*** Data extracts ***

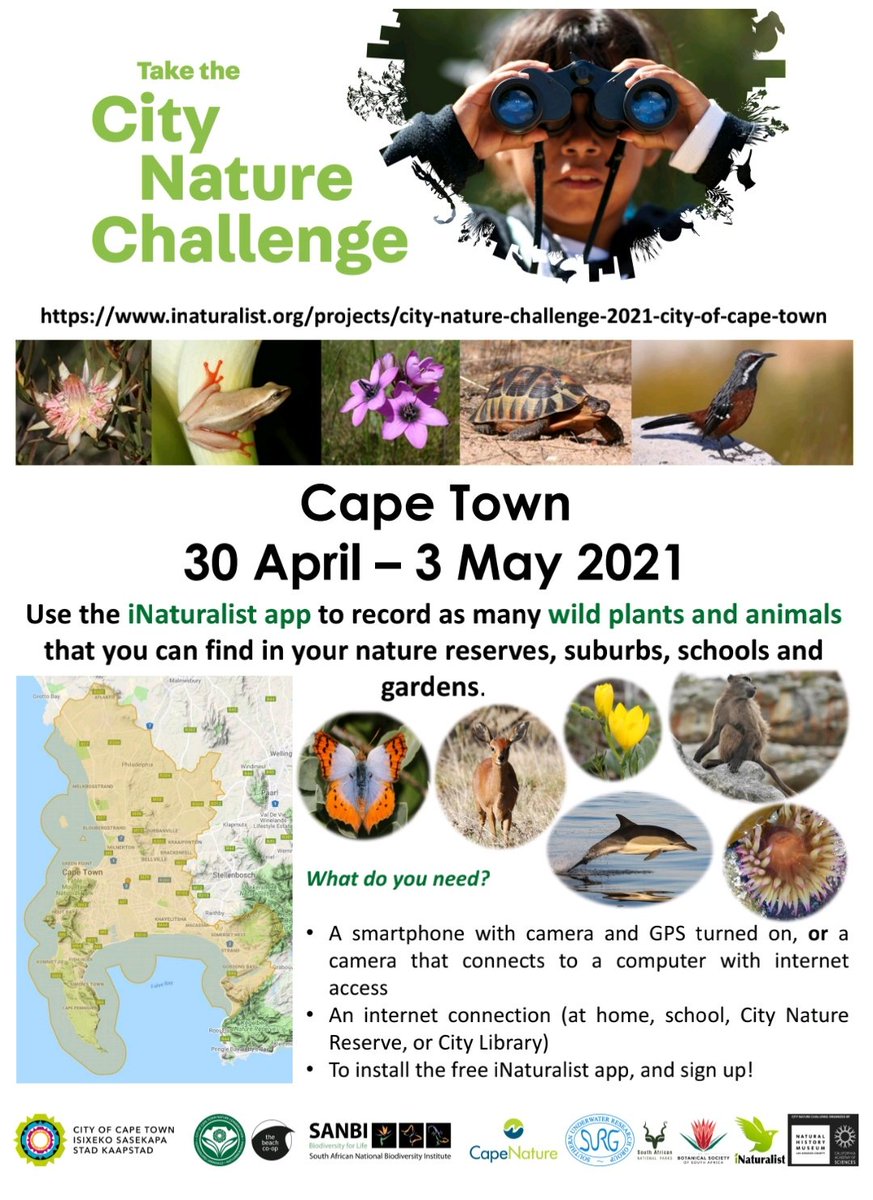 Let's take the City Nature Challenge💚💚💚
#capetown #southafrica #naturephotography #naturelovers #nature_photo #citynature #citynaturechallenge #citynaturechallenge2021 #inaturalist #wildlifephotography #wildlife #southafricanwildlife #southafricanwildlifephotography #challenge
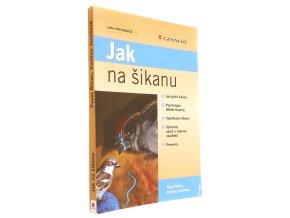 Jak na šikanu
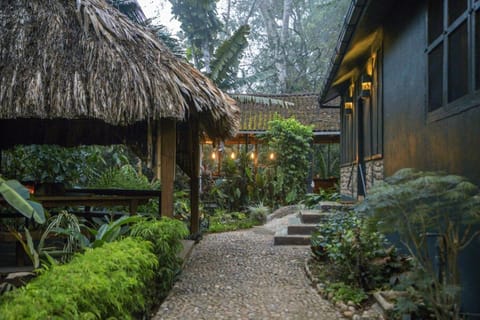 Sweet Songs Jungle Lodge Lodge in Cayo District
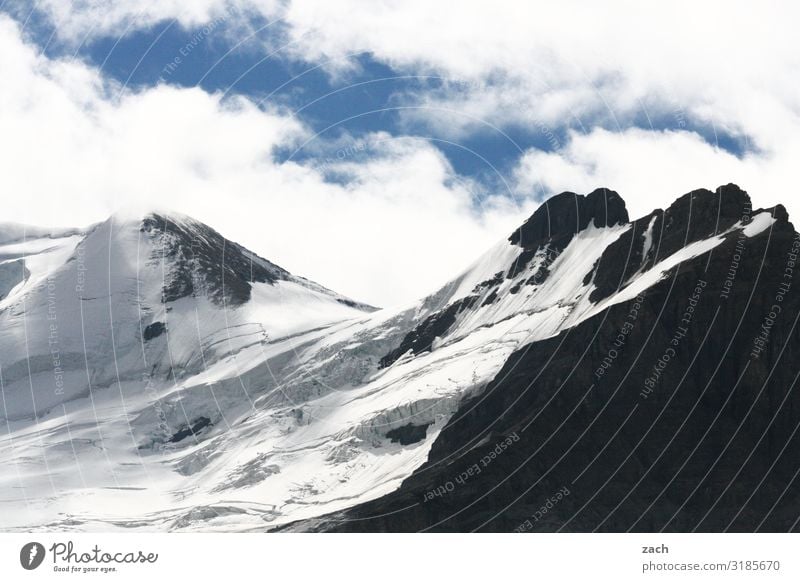 Gletscherreste Landschaft Himmel Wolken Schönes Wetter Schnee Felsen Berge u. Gebirge Rocky Mountains Gipfel Schneebedeckte Gipfel Jasper National Park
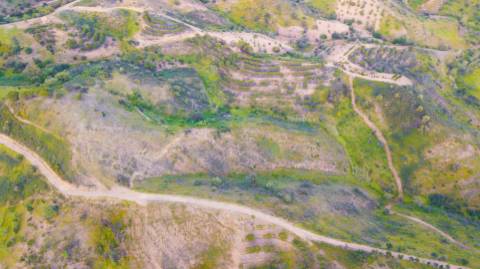 Terreno Rústico - 11840m2 - Cortelha - Azinhal - Castro Marim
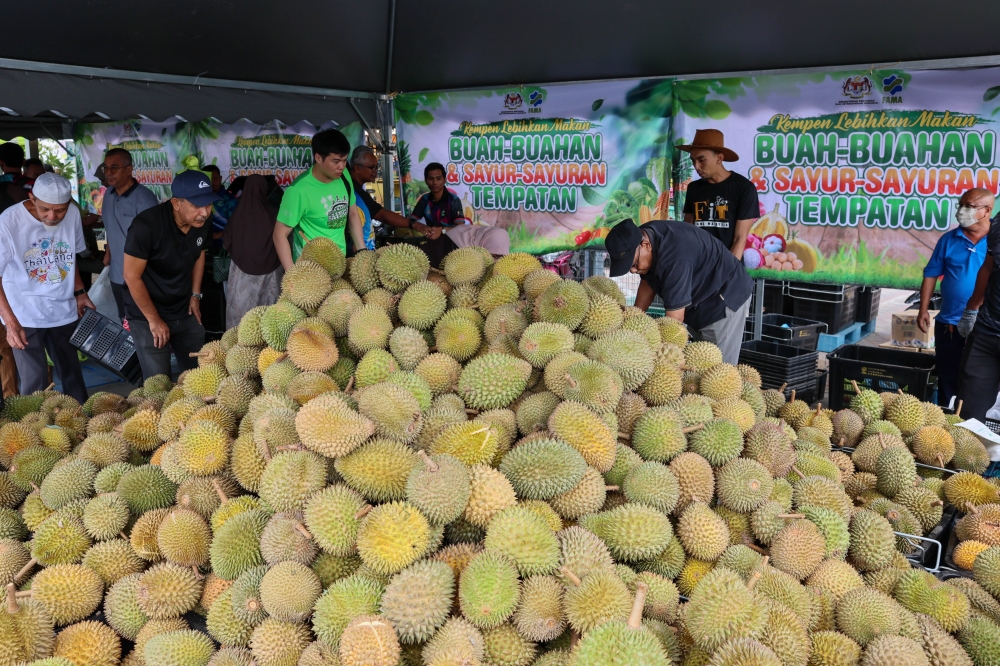 From orchard to ice-cream: Fama buys up the glut to stop Terengganu’s durians from rotting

*** End of Data extracts ***

* What you have to do *
Begin at the line containing "Jak na šikanu" and transcribe exactly every line through the end of the records, both ends included, leaving the pictures out.

* Solved problem *
 Jak na šikanu
 Sweet Songs Jungle Lodge Lodge in Cayo District
 Gletscherreste Landschaft Himmel Wolken Schönes Wetter Schnee Felsen Berge u. Gebirge Rocky Mountains Gipfel Schneebedeckte Gipfel Jasper National Park
 Terreno Rústico - 11840m2 - Cortelha - Azinhal - Castro Marim
 From orchard to ice-cream: Fama buys up the glut to stop Terengganu’s durians from rotting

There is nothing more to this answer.